DATASET CONTENT below:
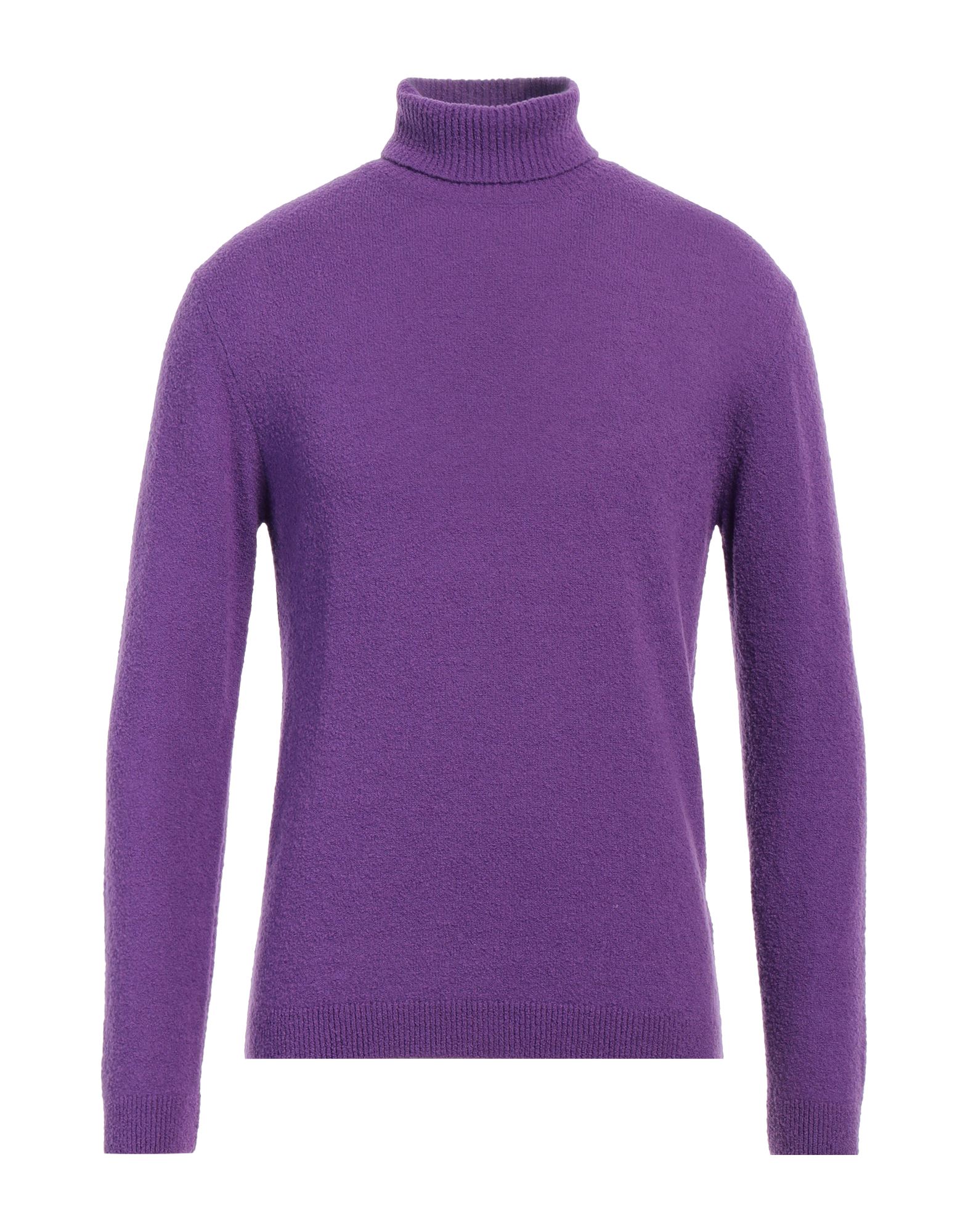  Daniele Fiesoli - Strickwaren - Rollkragenpullover - On Yoox.com 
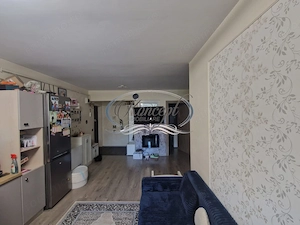 3 camere semidecomandat, Floresti - imagine 2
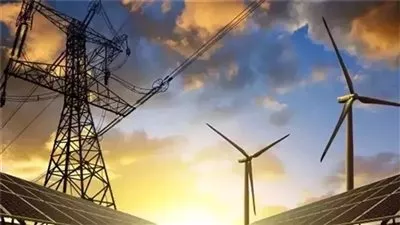 إصدار وتجديد تراخيص جديدة لشركات إنتاج وتوزيع وبيع الطاقة الكهربائية  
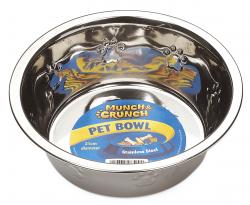 PET BOWL 20CM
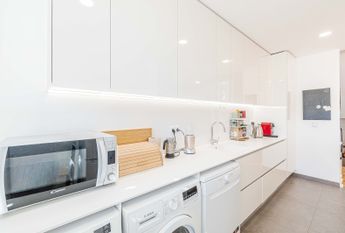 APARTAMENTO T2+1 NA AV ESTADOS UNIDOS DA AMÉRICA - LISBOA
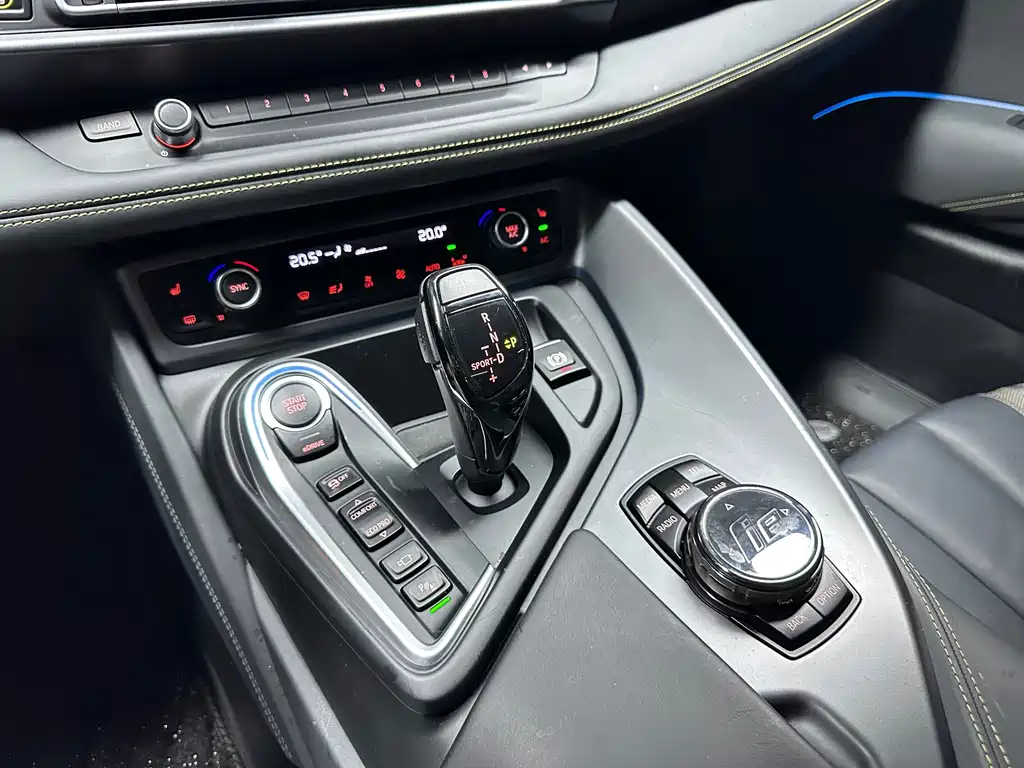 BMW i8 — миниатюра 17
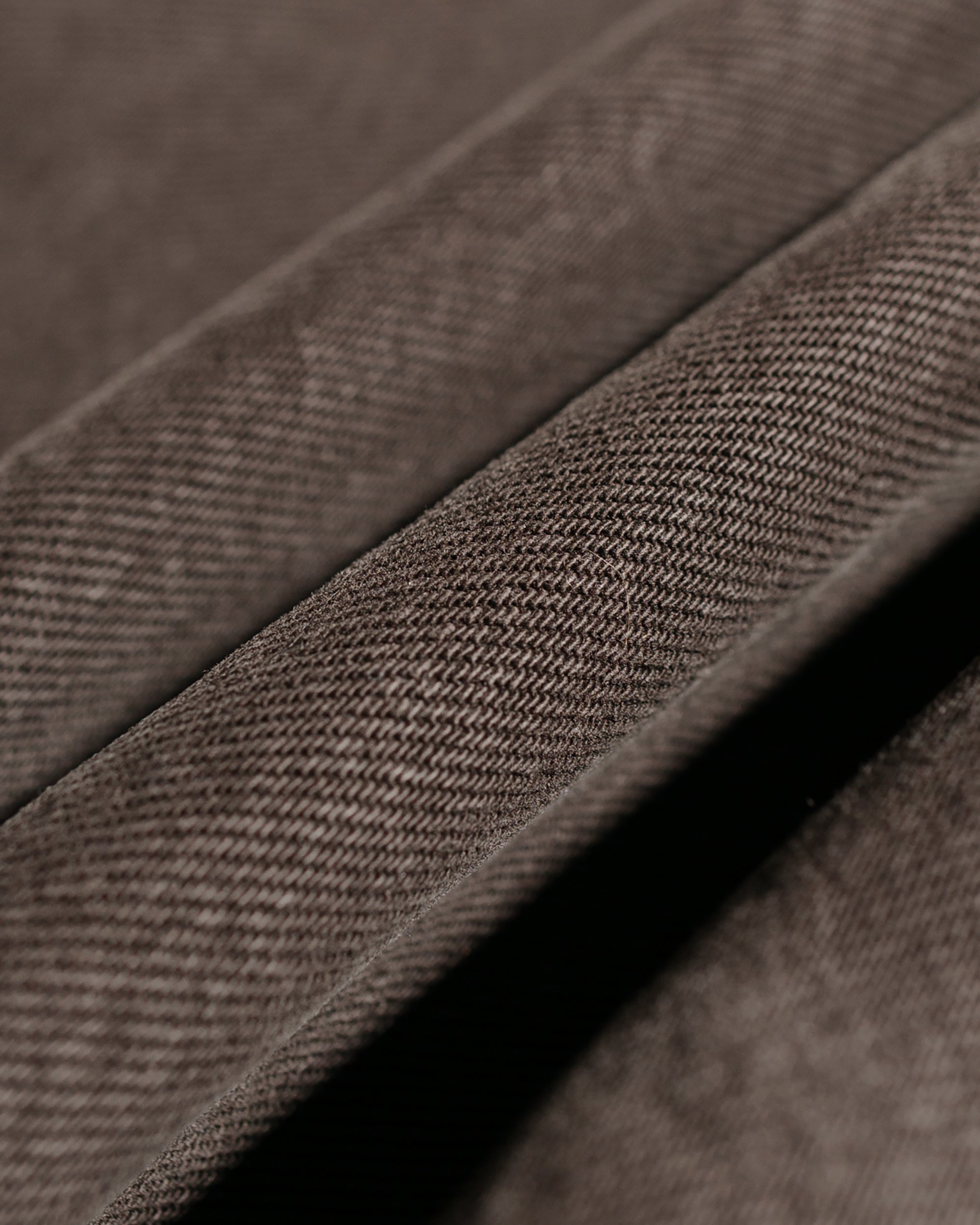 Loose Vintage Brown - 6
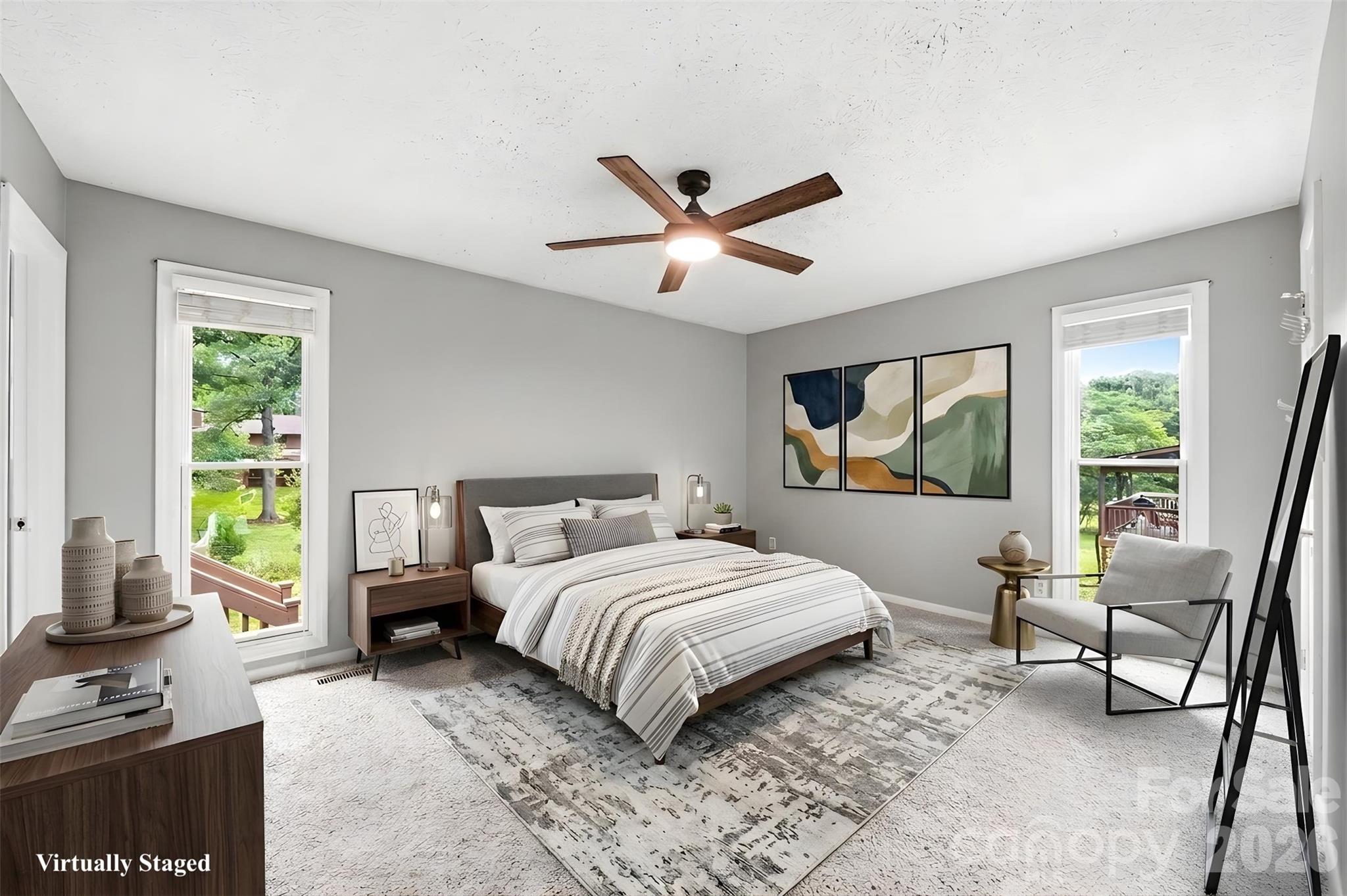 337 Woody Lane — Asheville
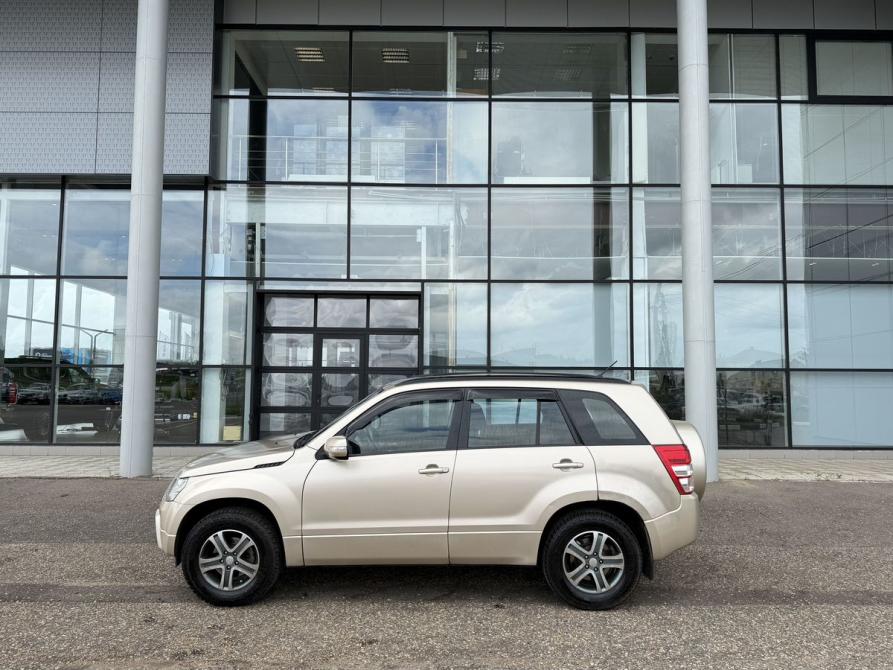 Suzuki Grand Vitara II Рестайлинг Тверь  - изображение 2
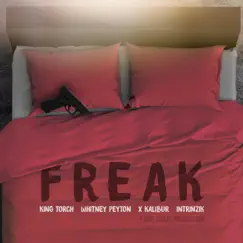 Freak (feat. Whitney Peyton, King Torch & X-Kalibur) - Single by Intrinzik album reviews, ratings, credits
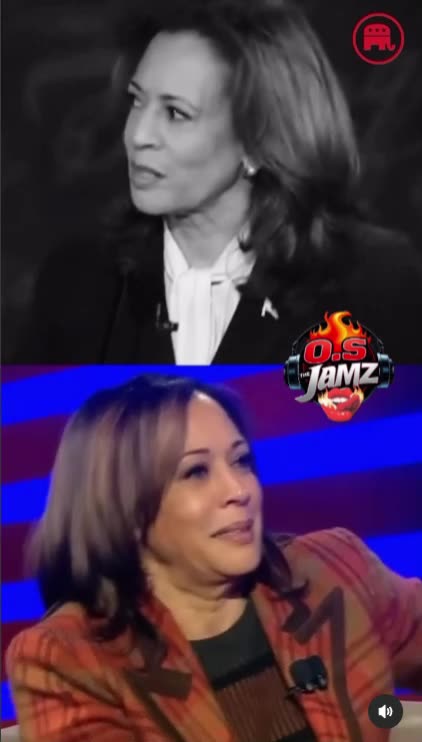 Kamala Says un Buybacks Will Be Mandatory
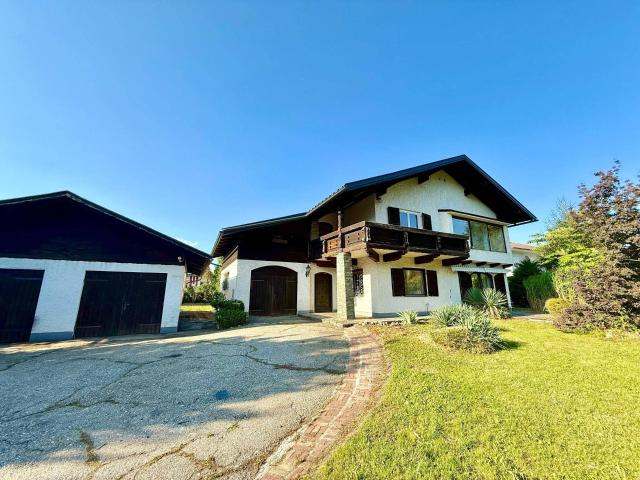 Haus kaufen in Keutschach, Kärnten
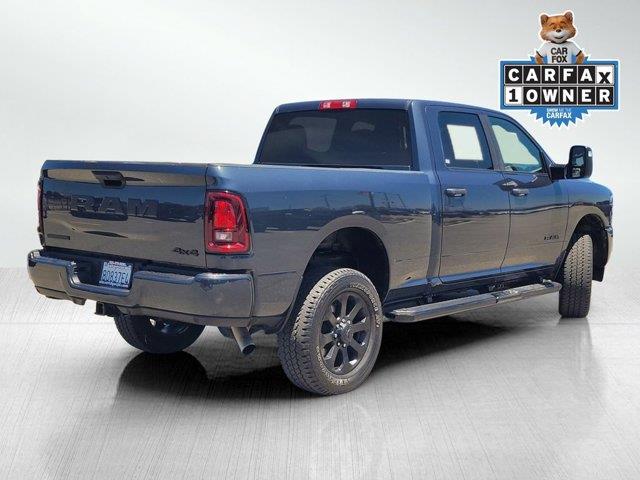 2025 Ram 2500 - $62,998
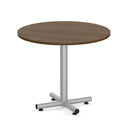OS Laminate 36" Round Table Top - Requires Base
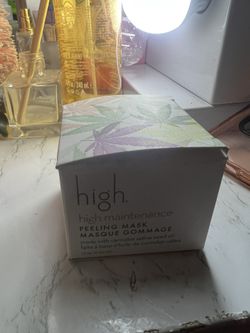 Gel Mask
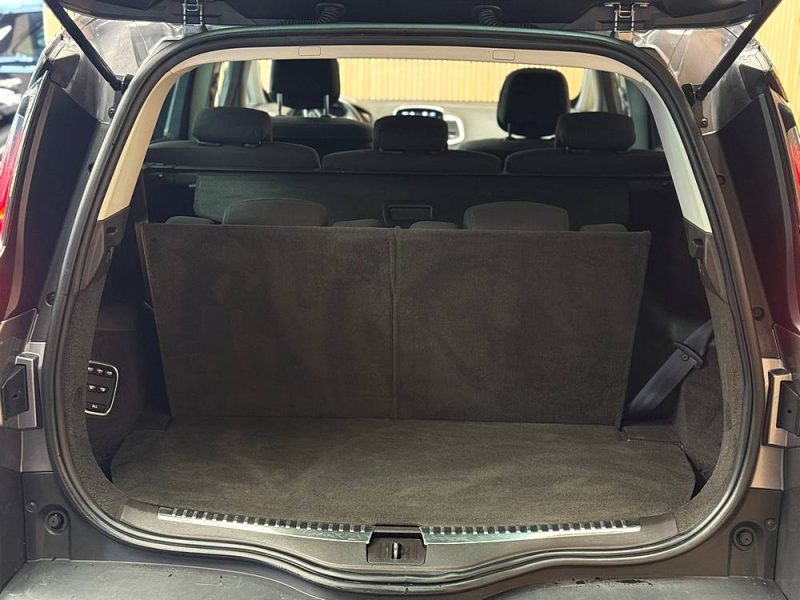 RENAULT ESPACE 1.6 BLUE DCI 130cv 2018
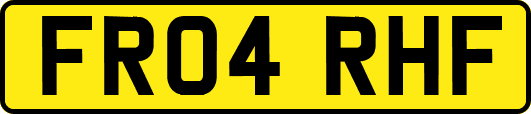 FR04RHF
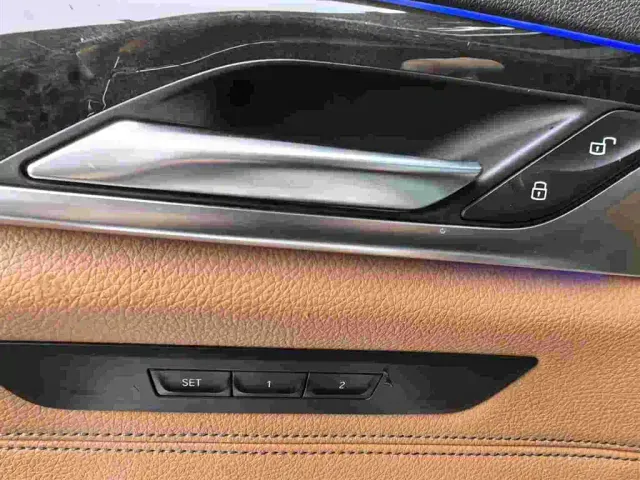 BMW 6 Series Gran Turismo — Фото автомобиля 7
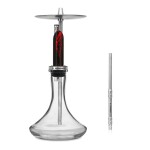 EL BOMBER IGLA AZTEC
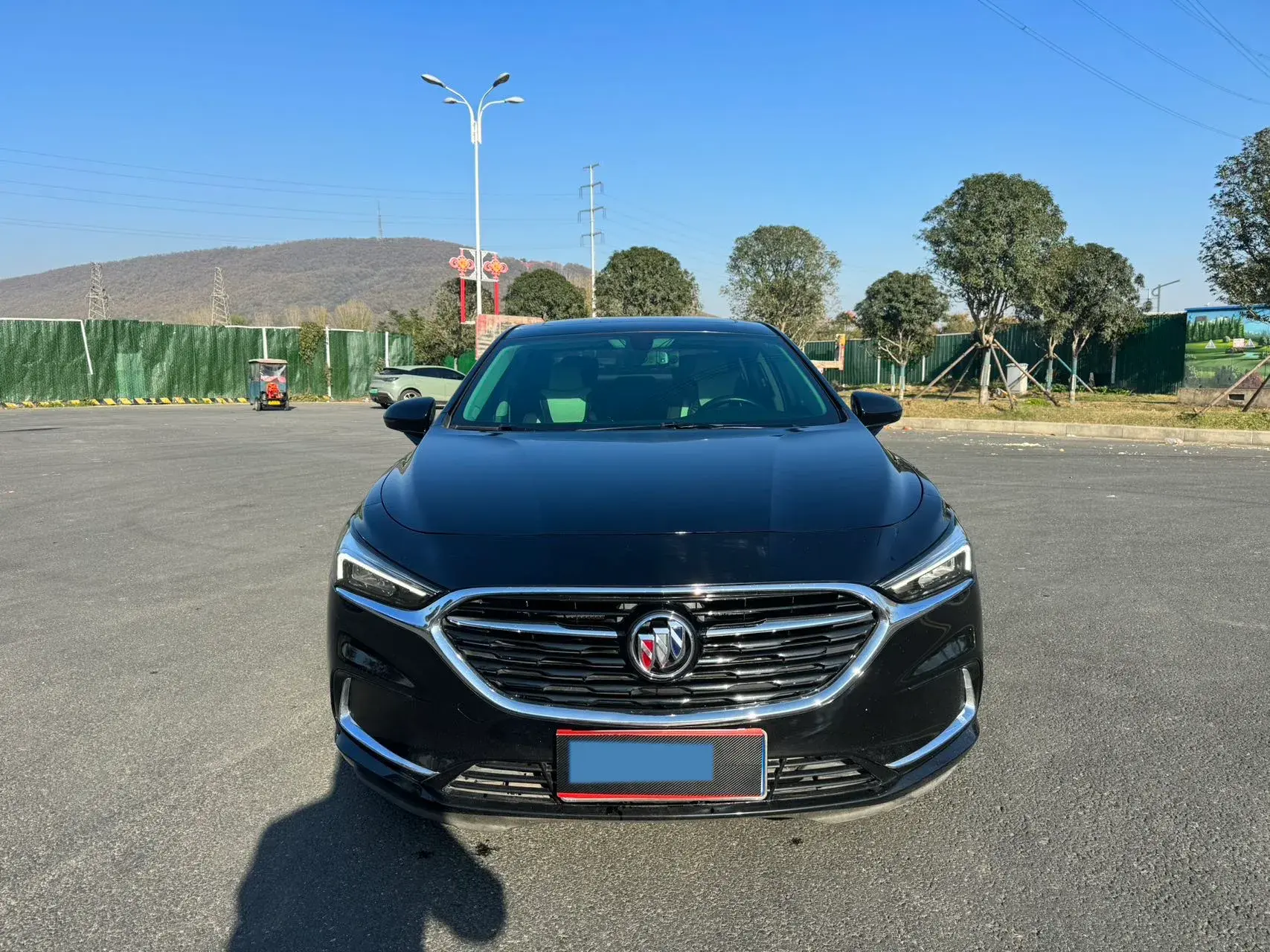 2021 BUICK LARCOSSE thumbnail 2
End of DATASET CONTENT.
BRIEF. Could you write out verbatim only those lines that run from the line containing "BMW i8 — миниатюра 17" through the end of the listing above, both included, without the pictures?

SOLUTION FOR THIS TASK.
 BMW i8 — миниатюра 17
 Loose Vintage Brown - 6
 337 Woody Lane — Asheville
 Suzuki Grand Vitara II Рестайлинг Тверь  - изображение 2
 Freak (feat. Whitney Peyton, King Torch & X-Kalibur) - Single by Intrinzik album reviews, ratings, credits
 Kamala Says un Buybacks Will Be Mandatory
 Haus kaufen in Keutschach, Kärnten
 2025 Ram 2500 - $62,998
OS Laminate 36" Round Table Top - Requires Base
 Gel Mask
 RENAULT ESPACE 1.6 BLUE DCI 130cv 2018
 FR04RHF
 BMW 6 Series Gran Turismo — Фото автомобиля 7
 EL BOMBER IGLA AZTEC
 2021 BUICK LARCOSSE thumbnail 2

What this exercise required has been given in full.